Problem requirements —
Among the entries below, one line contains "Photo - 10 Lilia Dr Unit D" and another contains "Unique Style Custom". Transcribe those two lines and every line between them, exactly.

(Scraped caption text data)
□ □ □
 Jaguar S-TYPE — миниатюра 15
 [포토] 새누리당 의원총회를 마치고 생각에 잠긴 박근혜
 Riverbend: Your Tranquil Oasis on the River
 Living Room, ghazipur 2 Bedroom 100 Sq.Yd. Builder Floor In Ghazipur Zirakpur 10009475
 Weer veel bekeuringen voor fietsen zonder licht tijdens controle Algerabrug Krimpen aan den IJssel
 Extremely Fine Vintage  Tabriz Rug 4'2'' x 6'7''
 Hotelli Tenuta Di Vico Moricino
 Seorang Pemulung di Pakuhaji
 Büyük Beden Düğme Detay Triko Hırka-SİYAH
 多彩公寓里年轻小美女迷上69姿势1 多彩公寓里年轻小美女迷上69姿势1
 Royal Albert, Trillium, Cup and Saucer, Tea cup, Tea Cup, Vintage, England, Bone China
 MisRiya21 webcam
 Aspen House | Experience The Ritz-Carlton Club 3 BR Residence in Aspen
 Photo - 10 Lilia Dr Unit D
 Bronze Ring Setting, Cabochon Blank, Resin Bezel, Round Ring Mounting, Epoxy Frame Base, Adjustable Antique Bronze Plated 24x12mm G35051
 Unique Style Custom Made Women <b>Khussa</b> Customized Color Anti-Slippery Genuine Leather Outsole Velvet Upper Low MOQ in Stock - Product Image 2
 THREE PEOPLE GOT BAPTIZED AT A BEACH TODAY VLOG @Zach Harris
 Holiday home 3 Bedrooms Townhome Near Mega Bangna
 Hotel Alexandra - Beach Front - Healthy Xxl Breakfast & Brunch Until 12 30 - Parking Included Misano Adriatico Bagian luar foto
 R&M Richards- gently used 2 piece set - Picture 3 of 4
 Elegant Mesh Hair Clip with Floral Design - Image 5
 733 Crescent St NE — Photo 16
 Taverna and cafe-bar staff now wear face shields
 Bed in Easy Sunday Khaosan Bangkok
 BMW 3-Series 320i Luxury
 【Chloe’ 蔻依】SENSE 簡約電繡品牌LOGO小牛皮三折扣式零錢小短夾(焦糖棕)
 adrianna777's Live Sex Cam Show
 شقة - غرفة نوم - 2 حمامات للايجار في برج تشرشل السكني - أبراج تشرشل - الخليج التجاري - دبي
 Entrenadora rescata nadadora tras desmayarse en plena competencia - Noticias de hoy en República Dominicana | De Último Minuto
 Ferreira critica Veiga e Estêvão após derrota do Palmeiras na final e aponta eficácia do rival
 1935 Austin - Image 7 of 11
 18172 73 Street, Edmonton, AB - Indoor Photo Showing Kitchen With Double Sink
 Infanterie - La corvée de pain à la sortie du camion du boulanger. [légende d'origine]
□ □ □
Answer below —
 Photo - 10 Lilia Dr Unit D
 Bronze Ring Setting, Cabochon Blank, Resin Bezel, Round Ring Mounting, Epoxy Frame Base, Adjustable Antique Bronze Plated 24x12mm G35051
 Unique Style Custom Made Women <b>Khussa</b> Customized Color Anti-Slippery Genuine Leather Outsole Velvet Upper Low MOQ in Stock - Product Image 2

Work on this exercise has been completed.